Having established the “goodness” or “right-headedness” of working on perfecting a happiness formula, I can continue to contemplate how to create pathways to happiness which are  more effective than the formula I have assembled over the years.


It seems safe to say that a concrete bulleted list denoting the keys to my happiness is rather limited in its effectiveness. It can point to literal gaps in my most effective self-regulation strategies (such as failure to read engaging books), but it doesn’t serve as a hypnotic induction for changing my state of consciousness. Yet, ironically, the reading of said engaging books actually does serve as said hypnotic induction


The hypnotic induction is important, but it is the new state of being which is the goal. As my own formula states, one of the keys to my happiness is “having fulfilling time spent in a wide variety of my fragments” including “vulnerable, creative, guru, student, sexual, driven, spiritual, and playful.” In other words, part of what makes me happy is the visitation to many different subjective states. Each subjective state can feel like becoming a different persona possessing different values and goals, but as different as each state may feel, they are all parts of myself, and to “feel whole” requires visiting each state. Hence why my accumulated wisdom on my own personal happiness states I should have fulfilling time in a wide variety of my subjective states over the course of any given week. 


Merely existing in one or two states over the course of five to seven days makes me quite miserable – which is why I find it anathema to commit to the intense specialization required to make a profitable career in modern times. Being a whole, happy, healthy person is directly at odds with this degree of specialization – for me, at least. Thus, I can toss the idea that I should ever attempt to contort myself into the sort of reliability which most entrepreneurs expect of themselves; an agent or marketer could do that with my work, but I can not. In order to maintain my own healthy engagement in life – a will to participate in the “great truth task” – I must allow, and strongly encourage, a cascading plethora of internal states.


Instead of berating myself for the transition from being an energetic extroverted socialite last week, to being a subdued introspecting writer this week, I can applaud myself for courageously accepting the ever-shifting landscape of what it means to support my health and happiness.
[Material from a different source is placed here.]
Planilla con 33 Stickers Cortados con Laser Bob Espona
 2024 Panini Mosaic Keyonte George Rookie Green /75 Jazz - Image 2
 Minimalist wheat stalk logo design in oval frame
And in this self-applause I continue to rebuild the self-trust I misplaced last year.


Further Reflections


What I wrote earlier points directly to why I value inspiration so highly. Inspiration is when we are on the path of “the great truth task.” One could say it is the penultimate indication of health because it is when we are doing what we are meant to be doing. Inspiration points the way, creating a hierarchy of priorities in any given moment with deep accuracy. This is why I feel very directed and purposeful when I am inspired – and conversely quite lost and directionless when inspiration is blocked.


Inspiration becomes blocked when one feels disempowered. One has to believe one is capable of achieving one’s desires. Furthermore, one must have a desire. This is why I reject the idea that we should ever pursue the elimination of desires. To yearn for something seems to be the pinnacle of aliveness. Since I am using health and happiness as my guiding stars – and the will to live that these entail – desire is another lauded experience. This returns me to self-trust, because we must trust that our own desire is actually valid and useful, and that our attempts to bring about what we desire will be fruitful – which is another way of saying that we must experience a degree of empowerment in order to trust ourselves.